━━━━━ LISTED RECORDS
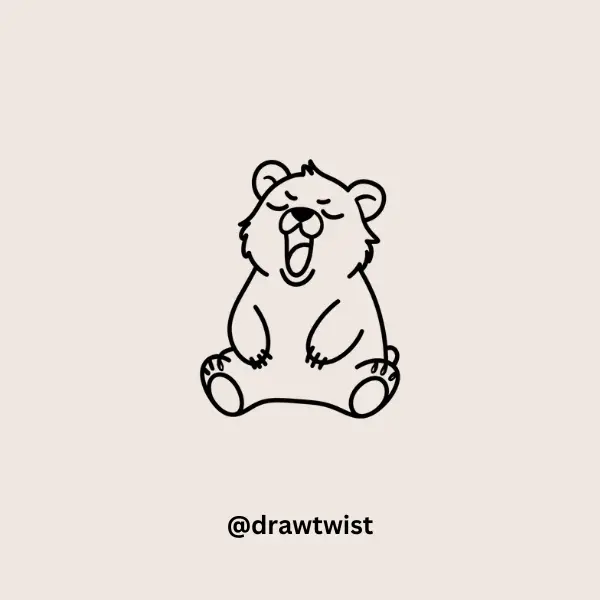Sleepy Bear Yawning doodle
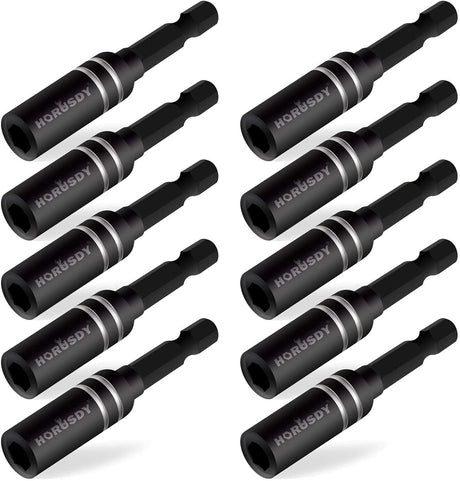 10Pc Magnetic Extension Socket Drill Bit Holder 1/4" Hex Screwdriver Nut Driver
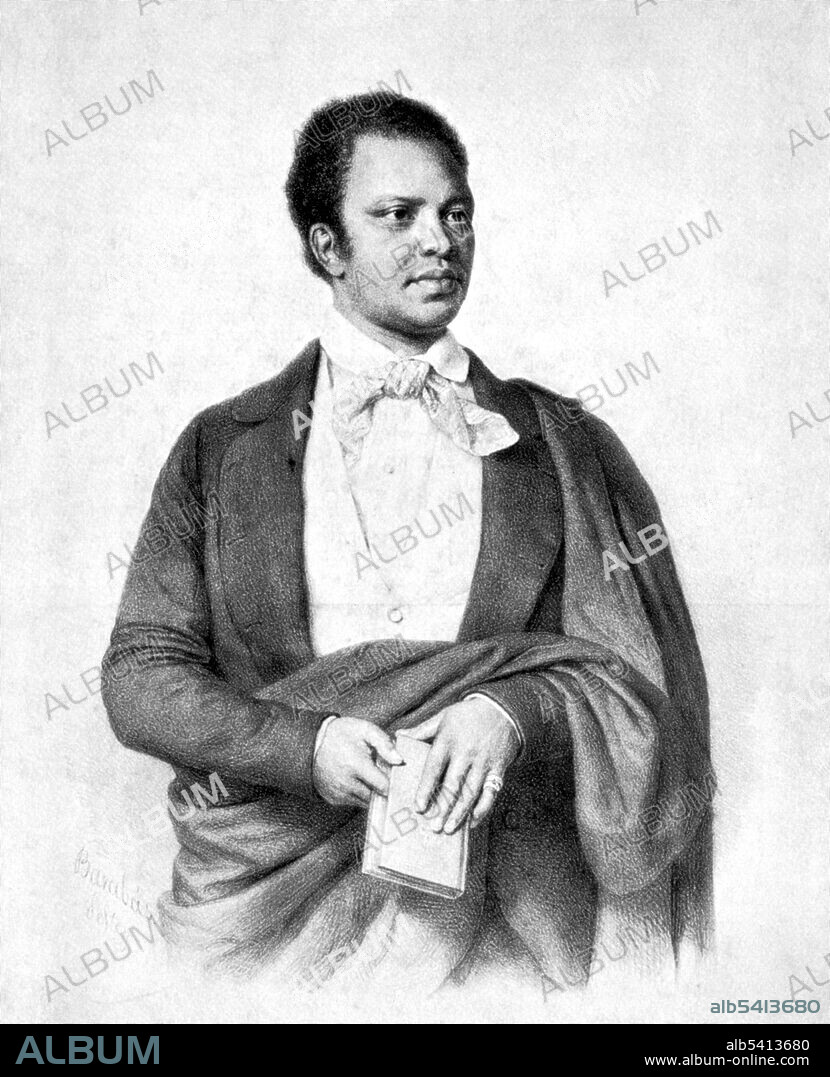 Ira Frederick Aldridge (July 24, 1807 – August 7, 1867) was an African-American stage actor and playwright who made his career largely on the London stage and in Europe. Born in NYC, Aldridge is the only actor of African-American descent honored with a bronze plaque at the Shakespeare Memorial Theatre at Stratford-upon-Avon. He was especially popular in Prussia and Russia, where he received top honors from heads of state. Aldridge spent most of his final years with his family in Russia and continental Europe, interspersed with occasional visits to England. He planned to return to the post-Civil-War US, but died in 1867 while visiting Poland. No artist credited, undated.
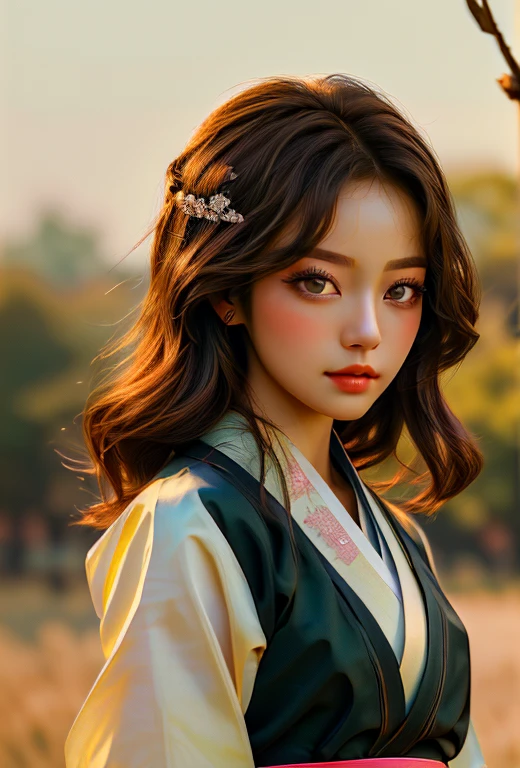 (masterpiece, best quality, very detailed: 1.6), surreal, (Single, 1 girl, beautiful and delicate eyes: 1.2), Wearing Hanbok, elegant atmosphere, Outdoor nature blurry background, ultra high definition,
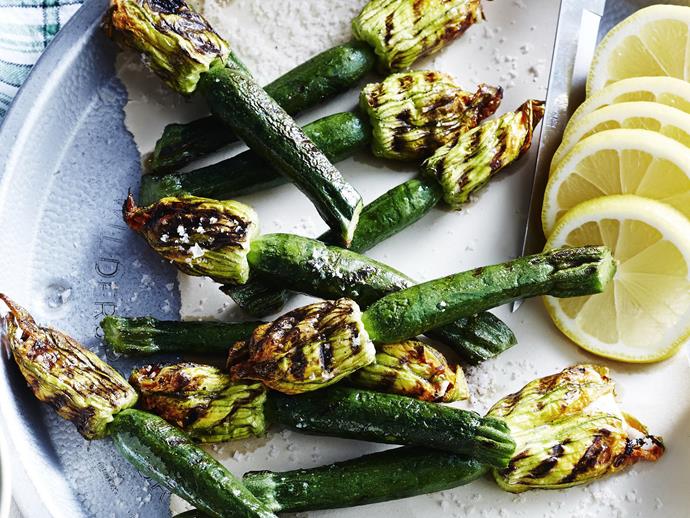 These **[[stuffed ricotta flowers](https://www.womensweeklyfood.com.au/recipes/chargrilled-chilli-and-mint-filled-zucchini-flowers-6262|target="_blank")]** bring together the creaminess of ricotta with the fresh tang of mint and heat of chilli for a truly flavourful summer barbecue treat.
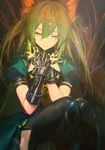  animal_ears atalanta_(fate) black_legwear blonde_hair blood bloody_tears closed_mouth fate/apocrypha fate/grand_order fate_(series) fox_ears gauntlets gradient_hair green_hair hair_between_eyes half-closed_eyes highres hoojiro light_particles long_hair looking_at_viewer looking_down multicolored_hair puffy_short_sleeves puffy_sleeves sad short_sleeves sitting solo thick_eyebrows thighhighs tsurime 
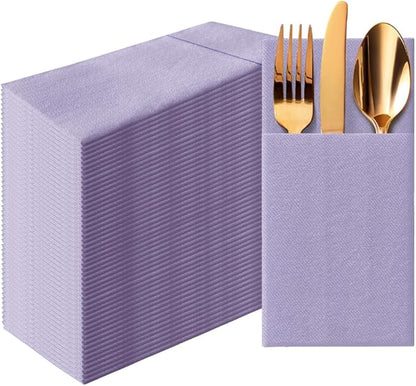 PAW - Linen Feel Napkins with Built-in Flatware Pocket, Airlaid Paper Pre-Folded Napkins for Silverware, Wedding Party, Dinner, Birthday, Gatherings, Monocolor Violet, 50 Count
━━━━━━━━━━
PROBLEM DESCRIPTION - Above are some entries. Restate word for word the lines from the one holding "10Pc Magnetic Extension" through the one holding "(masterpiece, best quality, very", but not the pictures.

SOLUTION FOR THIS EXERCISE -
 10Pc Magnetic Extension Socket Drill Bit Holder 1/4" Hex Screwdriver Nut Driver
 Ira Frederick Aldridge (July 24, 1807 – August 7, 1867) was an African-American stage actor and playwright who made his career largely on the London stage and in Europe. Born in NYC, Aldridge is the only actor of African-American descent honored with a bronze plaque at the Shakespeare Memorial Theatre at Stratford-upon-Avon. He was especially popular in Prussia and Russia, where he received top honors from heads of state. Aldridge spent most of his final years with his family in Russia and continental Europe, interspersed with occasional visits to England. He planned to return to the post-Civil-War US, but died in 1867 while visiting Poland. No artist credited, undated.
 (masterpiece, best quality, very detailed: 1.6), surreal, (Single, 1 girl, beautiful and delicate eyes: 1.2), Wearing Hanbok, elegant atmosphere, Outdoor nature blurry background, ultra high definition,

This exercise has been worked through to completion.